What this task involves: Below are some records; retype all of them exactly.

Supplied material:
_____
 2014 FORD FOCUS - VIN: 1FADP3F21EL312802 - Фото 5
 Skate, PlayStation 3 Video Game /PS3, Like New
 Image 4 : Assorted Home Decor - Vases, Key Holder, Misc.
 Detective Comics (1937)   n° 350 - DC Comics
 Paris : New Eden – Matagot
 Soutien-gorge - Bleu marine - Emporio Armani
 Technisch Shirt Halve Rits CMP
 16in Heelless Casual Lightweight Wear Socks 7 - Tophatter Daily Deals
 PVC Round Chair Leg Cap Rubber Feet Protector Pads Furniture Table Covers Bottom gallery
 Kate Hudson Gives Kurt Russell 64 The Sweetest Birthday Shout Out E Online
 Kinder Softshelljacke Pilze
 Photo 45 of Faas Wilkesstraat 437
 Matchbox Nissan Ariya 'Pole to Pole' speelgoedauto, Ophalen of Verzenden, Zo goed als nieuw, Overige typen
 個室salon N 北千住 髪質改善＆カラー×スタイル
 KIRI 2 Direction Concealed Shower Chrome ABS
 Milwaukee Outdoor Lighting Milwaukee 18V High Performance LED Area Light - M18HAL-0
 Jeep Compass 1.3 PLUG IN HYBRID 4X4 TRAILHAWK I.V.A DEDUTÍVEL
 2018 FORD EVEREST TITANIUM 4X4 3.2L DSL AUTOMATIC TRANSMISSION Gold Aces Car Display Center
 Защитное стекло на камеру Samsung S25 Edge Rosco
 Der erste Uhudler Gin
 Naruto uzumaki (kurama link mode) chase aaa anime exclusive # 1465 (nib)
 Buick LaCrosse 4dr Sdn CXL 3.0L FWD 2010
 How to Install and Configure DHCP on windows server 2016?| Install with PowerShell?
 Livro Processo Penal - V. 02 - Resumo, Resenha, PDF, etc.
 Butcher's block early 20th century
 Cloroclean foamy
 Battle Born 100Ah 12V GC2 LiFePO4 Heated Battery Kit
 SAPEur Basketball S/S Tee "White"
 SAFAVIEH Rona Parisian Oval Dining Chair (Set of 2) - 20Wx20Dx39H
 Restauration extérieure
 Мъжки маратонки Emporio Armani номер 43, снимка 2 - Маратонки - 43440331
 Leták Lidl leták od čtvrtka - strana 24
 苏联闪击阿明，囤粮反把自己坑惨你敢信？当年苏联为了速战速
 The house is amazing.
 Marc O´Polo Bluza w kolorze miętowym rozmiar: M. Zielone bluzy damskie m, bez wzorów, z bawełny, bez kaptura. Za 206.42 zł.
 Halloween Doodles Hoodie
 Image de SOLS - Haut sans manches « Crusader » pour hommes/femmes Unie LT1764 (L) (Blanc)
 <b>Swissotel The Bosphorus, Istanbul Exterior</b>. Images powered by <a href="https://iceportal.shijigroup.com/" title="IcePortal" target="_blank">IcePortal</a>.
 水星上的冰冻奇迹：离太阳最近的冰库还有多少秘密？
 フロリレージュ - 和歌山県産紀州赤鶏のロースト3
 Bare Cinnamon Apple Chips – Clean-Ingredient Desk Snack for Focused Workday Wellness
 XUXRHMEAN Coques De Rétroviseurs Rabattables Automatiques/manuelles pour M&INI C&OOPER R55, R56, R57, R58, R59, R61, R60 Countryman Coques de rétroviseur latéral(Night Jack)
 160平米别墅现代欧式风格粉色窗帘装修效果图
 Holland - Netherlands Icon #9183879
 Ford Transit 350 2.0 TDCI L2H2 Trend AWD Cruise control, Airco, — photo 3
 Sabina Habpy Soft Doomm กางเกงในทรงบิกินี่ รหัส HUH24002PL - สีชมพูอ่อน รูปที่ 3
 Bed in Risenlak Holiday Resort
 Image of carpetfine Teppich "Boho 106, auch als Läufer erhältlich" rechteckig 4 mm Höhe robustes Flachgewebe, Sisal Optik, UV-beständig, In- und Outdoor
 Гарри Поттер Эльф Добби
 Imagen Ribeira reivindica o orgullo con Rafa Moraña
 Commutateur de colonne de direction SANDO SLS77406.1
_____
Task response:
 2014 FORD FOCUS - VIN: 1FADP3F21EL312802 - Фото 5
 Skate, PlayStation 3 Video Game /PS3, Like New
 Image 4 : Assorted Home Decor - Vases, Key Holder, Misc.
 Detective Comics (1937)   n° 350 - DC Comics
 Paris : New Eden – Matagot
 Soutien-gorge - Bleu marine - Emporio Armani
 Technisch Shirt Halve Rits CMP
 16in Heelless Casual Lightweight Wear Socks 7 - Tophatter Daily Deals
 PVC Round Chair Leg Cap Rubber Feet Protector Pads Furniture Table Covers Bottom gallery
 Kate Hudson Gives Kurt Russell 64 The Sweetest Birthday Shout Out E Online
 Kinder Softshelljacke Pilze
 Photo 45 of Faas Wilkesstraat 437
 Matchbox Nissan Ariya 'Pole to Pole' speelgoedauto, Ophalen of Verzenden, Zo goed als nieuw, Overige typen
 個室salon N 北千住 髪質改善＆カラー×スタイル
 KIRI 2 Direction Concealed Shower Chrome ABS
 Milwaukee Outdoor Lighting Milwaukee 18V High Performance LED Area Light - M18HAL-0
 Jeep Compass 1.3 PLUG IN HYBRID 4X4 TRAILHAWK I.V.A DEDUTÍVEL
 2018 FORD EVEREST TITANIUM 4X4 3.2L DSL AUTOMATIC TRANSMISSION Gold Aces Car Display Center
 Защитное стекло на камеру Samsung S25 Edge Rosco
 Der erste Uhudler Gin
 Naruto uzumaki (kurama link mode) chase aaa anime exclusive # 1465 (nib)
 Buick LaCrosse 4dr Sdn CXL 3.0L FWD 2010
 How to Install and Configure DHCP on windows server 2016?| Install with PowerShell?
 Livro Processo Penal - V. 02 - Resumo, Resenha, PDF, etc.
 Butcher's block early 20th century
 Cloroclean foamy
 Battle Born 100Ah 12V GC2 LiFePO4 Heated Battery Kit
 SAPEur Basketball S/S Tee "White"
 SAFAVIEH Rona Parisian Oval Dining Chair (Set of 2) - 20Wx20Dx39H
 Restauration extérieure
 Мъжки маратонки Emporio Armani номер 43, снимка 2 - Маратонки - 43440331
 Leták Lidl leták od čtvrtka - strana 24
 苏联闪击阿明，囤粮反把自己坑惨你敢信？当年苏联为了速战速
 The house is amazing.
 Marc O´Polo Bluza w kolorze miętowym rozmiar: M. Zielone bluzy damskie m, bez wzorów, z bawełny, bez kaptura. Za 206.42 zł.
 Halloween Doodles Hoodie
 Image de SOLS - Haut sans manches « Crusader » pour hommes/femmes Unie LT1764 (L) (Blanc)
 <b>Swissotel The Bosphorus, Istanbul Exterior</b>. Images powered by <a href="https://iceportal.shijigroup.com/" title="IcePortal" target="_blank">IcePortal</a>.
 水星上的冰冻奇迹：离太阳最近的冰库还有多少秘密？
 フロリレージュ - 和歌山県産紀州赤鶏のロースト3
 Bare Cinnamon Apple Chips – Clean-Ingredient Desk Snack for Focused Workday Wellness
 XUXRHMEAN Coques De Rétroviseurs Rabattables Automatiques/manuelles pour M&INI C&OOPER R55, R56, R57, R58, R59, R61, R60 Countryman Coques de rétroviseur latéral(Night Jack)
 160平米别墅现代欧式风格粉色窗帘装修效果图
 Holland - Netherlands Icon #9183879
 Ford Transit 350 2.0 TDCI L2H2 Trend AWD Cruise control, Airco, — photo 3
 Sabina Habpy Soft Doomm กางเกงในทรงบิกินี่ รหัส HUH24002PL - สีชมพูอ่อน รูปที่ 3
 Bed in Risenlak Holiday Resort
 Image of carpetfine Teppich "Boho 106, auch als Läufer erhältlich" rechteckig 4 mm Höhe robustes Flachgewebe, Sisal Optik, UV-beständig, In- und Outdoor
 Гарри Поттер Эльф Добби
 Imagen Ribeira reivindica o orgullo con Rafa Moraña
 Commutateur de colonne de direction SANDO SLS77406.1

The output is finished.